++++ RECORDS FOR PROCESSING

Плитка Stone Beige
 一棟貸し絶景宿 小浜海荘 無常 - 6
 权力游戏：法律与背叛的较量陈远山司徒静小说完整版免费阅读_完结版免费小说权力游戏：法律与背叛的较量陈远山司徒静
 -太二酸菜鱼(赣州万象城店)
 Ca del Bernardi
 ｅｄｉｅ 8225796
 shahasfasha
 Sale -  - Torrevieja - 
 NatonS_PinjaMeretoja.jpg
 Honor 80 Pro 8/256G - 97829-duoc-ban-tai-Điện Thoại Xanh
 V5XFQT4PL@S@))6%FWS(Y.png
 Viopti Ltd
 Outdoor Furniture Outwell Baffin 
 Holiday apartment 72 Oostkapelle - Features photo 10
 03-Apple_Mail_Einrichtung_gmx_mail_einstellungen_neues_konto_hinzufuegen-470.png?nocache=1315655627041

++++++++

With nothing left out, copy every record exactly.

Плитка Stone Beige
 一棟貸し絶景宿 小浜海荘 無常 - 6
 权力游戏：法律与背叛的较量陈远山司徒静小说完整版免费阅读_完结版免费小说权力游戏：法律与背叛的较量陈远山司徒静
 -太二酸菜鱼(赣州万象城店)
 Ca del Bernardi
 ｅｄｉｅ 8225796
 shahasfasha
 Sale -  - Torrevieja - 
 NatonS_PinjaMeretoja.jpg
 Honor 80 Pro 8/256G - 97829-duoc-ban-tai-Điện Thoại Xanh
 V5XFQT4PL@S@))6%FWS(Y.png
 Viopti Ltd
 Outdoor Furniture Outwell Baffin 
 Holiday apartment 72 Oostkapelle - Features photo 10
 03-Apple_Mail_Einrichtung_gmx_mail_einstellungen_neues_konto_hinzufuegen-470.png?nocache=1315655627041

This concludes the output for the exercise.